Ahead of Uber’s massively hyped debut on the public stock market, thousands of drivers assembled across the world on Wednesday in a yet another demonstration against the exploitative gig-economy model. Their strike, timed with rush hour in New York and day-long in cities like Los Angeles, was meant to call attention to the fact that drivers—who in almost every case are not technically employees—do not earn living wages, even as major players in high finance gush over what’s expected to be a historically rich valuation.
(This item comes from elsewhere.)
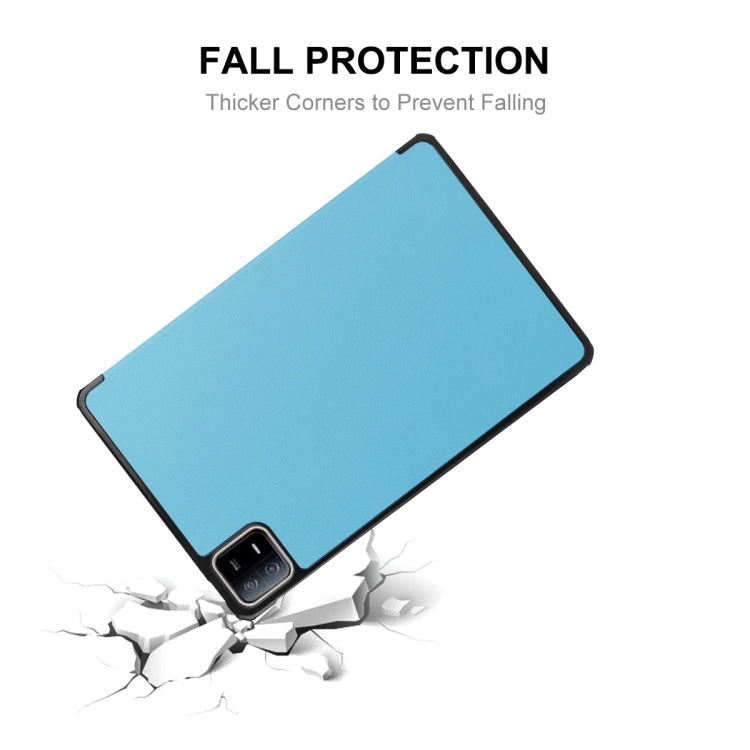 For Xiaomi Pad 6 ENKAY Tri-fold Custer Texture Leather Stand Smart Case, For Xiaomi Pad 6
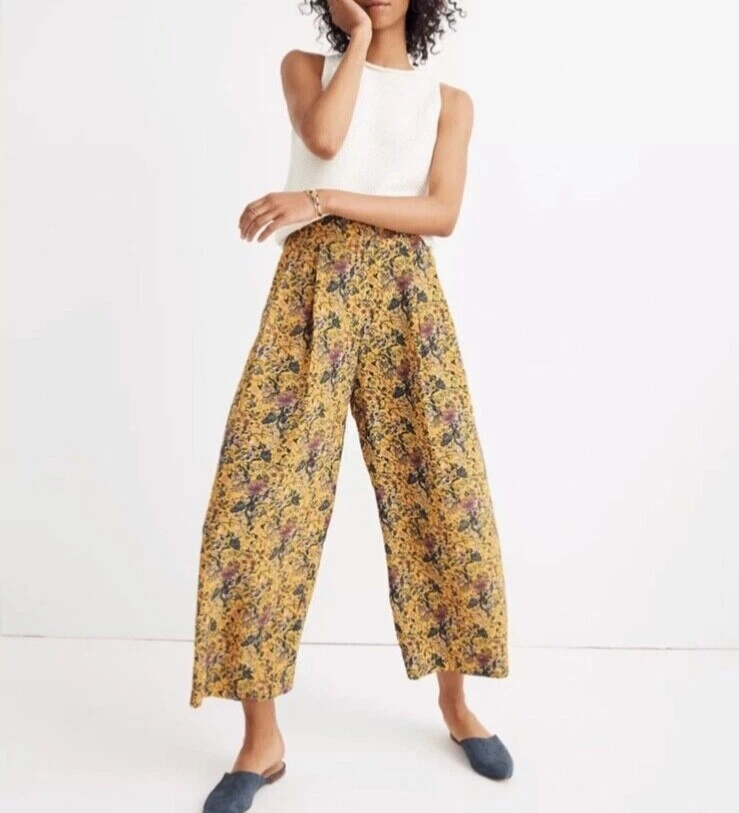 Madewell x Karen Walker 100% Silk Floral Potter High Waisted Wide Leg Pants 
But like past protests and strikes, the estimated nearly one million Uber drivers in the US ran up against a problem embedded in the predatory structure of the company, as well as that of rivals like Lyft: They may be doing work, but these aren’t supposed to be “jobs” in the technical sense. At a time when even traditionally powerful unions are losing their ability to defend benefits for workers, these drivers exist in a legal category where they are both vulnerable to exploitation and unable to access the usual tools to fight for better treatment.
“The company is built on disdain for workers and regulations,” Rick Claypool, research director at Public Citizen, a left-leaning advocacy group, said of Uber. “It’s hard to see how it’s going to change.”
From the beginning, Uber—founded as UberCab in 2009—has touted the flexibility of its approach, which allows people with certain kinds of cars to log on and off as drivers on their own schedule. It has shared stories of Uber drivers who make money on the side while raising kids or going to school. And it has attracted many people looking for a side hustle: about half of its drivers are not coming to Uber with the intention of making their entire living there, according to a 2018 survey by Ridester, a ride-hailing analytics company.
That also means the other half or so of these drivers are driving full time. And for these workers the fact that Uber and Lyft have made no move to provide the benefits historically associated with a full-time job is both exploitative, and they would argue, possibly illegal. This leaves drivers as independent contractors or workers under the gig economy umbrella, and allows Uber to avoid treating them as employees with actual benefits, a longstanding practice the Trump administration has recently enabled.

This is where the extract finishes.